CBS CEO Les Moonves gets snarky over Angus T. Jones

"Two and a Half Men" star apologizes
Teenage actor Angus T. Jones of the comedy "Two and a Half Men" apologized for a series of interviews denouncing his own show. Teresa Garcia reports.

CBS CEO Les Moonves addressed the controversy surrounding Angus T. Jones of "Two and a Half Men" at an industry breakfast hosted by the Wall Street Journal on Tuesday.

"We took this boy [Jones] who started with us when he was eight years old, and it seems to be what happens with child stars over the course of time," Moonves said. "He's now making over $300,000 per week, which is not a bad salary for a 19-year-old kid, and he went on a religious channel and urged people not to watch the show because it was filth. By the way, he's still collecting his $300,000 per week."

[Related: How Angus T. Jones Won His 'Two and a Half Men' Role]

Moonves was cagey about whether Jones still has a job. When asked if he was in the market for a new “half man,” Moonves replied, "We have other plans.

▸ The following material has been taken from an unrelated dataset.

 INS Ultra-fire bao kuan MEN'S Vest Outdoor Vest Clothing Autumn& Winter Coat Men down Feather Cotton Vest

I don't know what our status is with him.” He then joked, "After going through what we went through with Charlie Sheen, it's been a piece of cake."

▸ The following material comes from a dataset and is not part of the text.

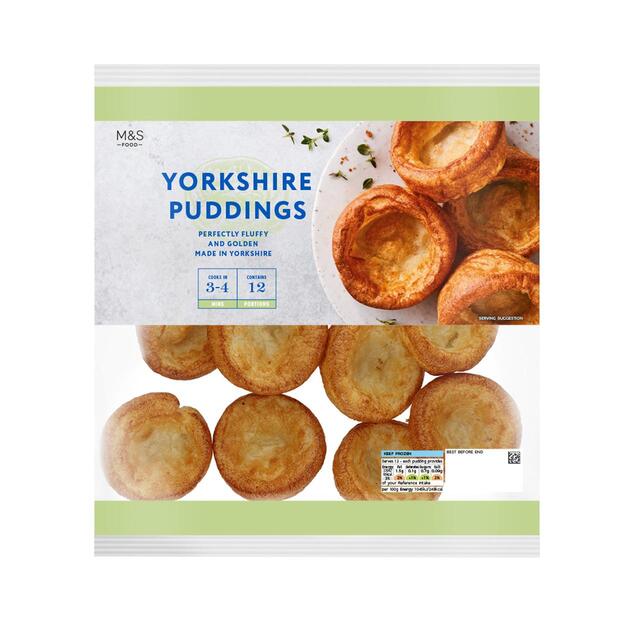M&S Yorkshire Puddings Frozen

In a widely seen online video, Jones called the CBS sitcom "filth" and urged people not to watch it. Explaining that the show was in conflict with his religious beliefs, Jones said, “People will see us and be like, 'I can be a Christian and be on a show like ‘Two and a Half Men.' You can't. You cannot be a true God-fearing person and be on a television show like that. I know I can't."

Jones later apologized. In a statement, he said, "Without qualification, I am grateful to and have the highest regard and respect for all of the wonderful people on 'Two and a Half Men' with whom I have worked and over the past 10 years who have become an extension of my family."

[Video: 'The Office's' Rainn Wilson Spoofs Angus T. Jones Rant]

Moonves, who is married to television personality Julie Chen, has a history of playing a strong hand when it comes to decisions around CBS, even though his position as CEO puts him far above such matters. "I'm very involved," Moonves said in an interview with The Wall Street Journal earlier this year. "It's probably sometimes overbearing and annoying, but I know what I'm talking about." It was Moonves who made the decision to re-cast the female lead in "The Big Bang Theory" after the pilot was shot. He thought the show would benefit from a "girl next door" type that the audience could relate to. Turns out he was right. The show is a ratings monster.

Should Moonves decide to give Jones his walking papers, the young actor can take comfort that his former costar Charlie Sheen has offered him a role on his new show, "Anger Management." Sheen told ABC News, "My former nephew is welcome at the Goodson Anger Management home anytime."